- Born: Nunavut
- Citizenship: Canadian
- Occupation: newscaster

= Rassi Nashalik =

Canadian journalist

Rassi Nashalik is a retired Canadian journalist who was formerly the host of Igalaaq, a CBC North newscast in the Inuit language of Inuktitut. In August 2021, she was inducted into the CBC News Hall of Fame.

== Early life ==
Nashalik was born on a small island off of Baffin Island in the territory of Nunavut. She was one of twelve siblings. For the first ten years of her life, she lived a traditional lifestyle with her family, playing outdoors and using dog sleds for transportation. At age ten, she was sent to residential schools in Pangnirtung and Churchill.

== News career ==
Before working at CBC, Nashalik worked with the Language Bureau for 13 years. She then saw a newspaper ad seeking an Inuktitut-speaking host for a news show. She applied and got the job, starting Igalaaq in 1995. During her tenure, she promoted the hiring of Indigenous people at the station and encouraged younger Inuit to speak Inuktitut. In 2014, she retired from newscasting.
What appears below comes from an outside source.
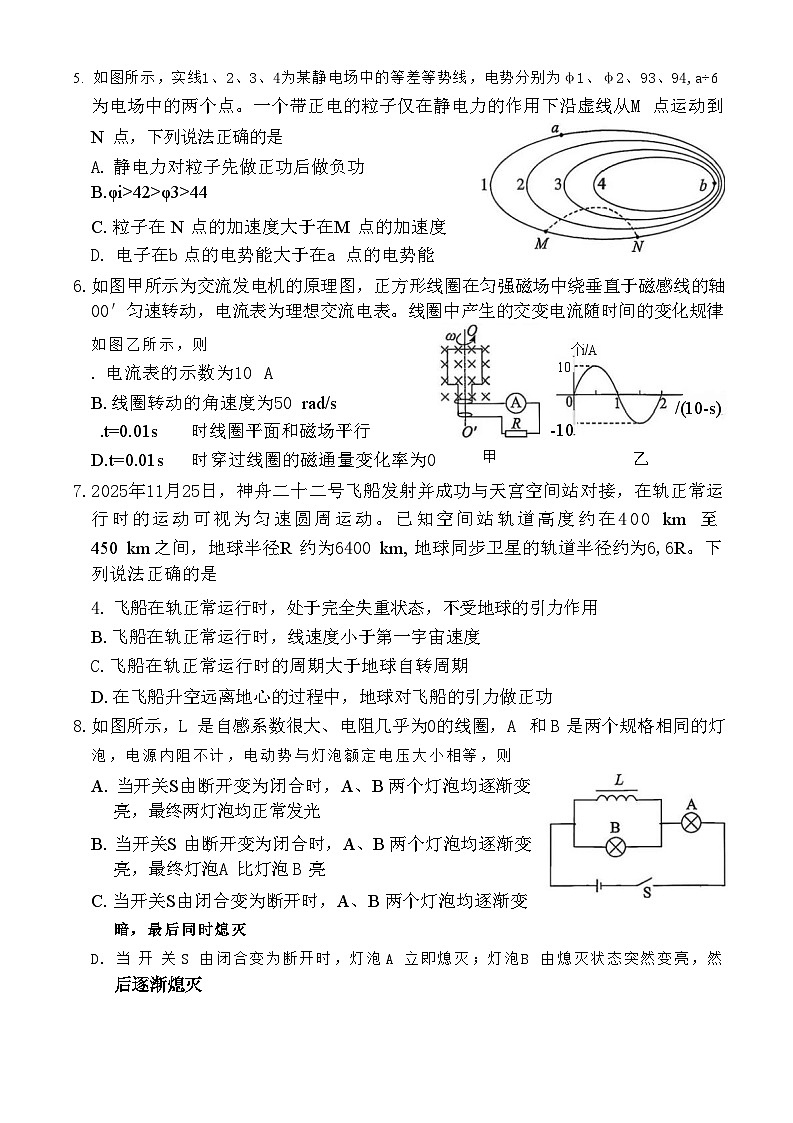 北京市东城区2025-2026学年高三上学期期末统一检测物理试卷第2页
In 2022, she was named the winner of the Academy of Canadian Cinema and Television's Gordon Sinclair Award for distinguished achievement in journalism at the 10th Canadian Screen Awards.

== Post-CBC work ==
As an Inuk elder, she became an elder-in-residence at the University of Alberta’s School of Public Health in 2018. She also co-founded a wellness camp in Yellowknife for First Nations people. In 2021, she was inducted into the CBC News Hall of Fame.

She was made a Member of the Order of Canada on December 31, 2025.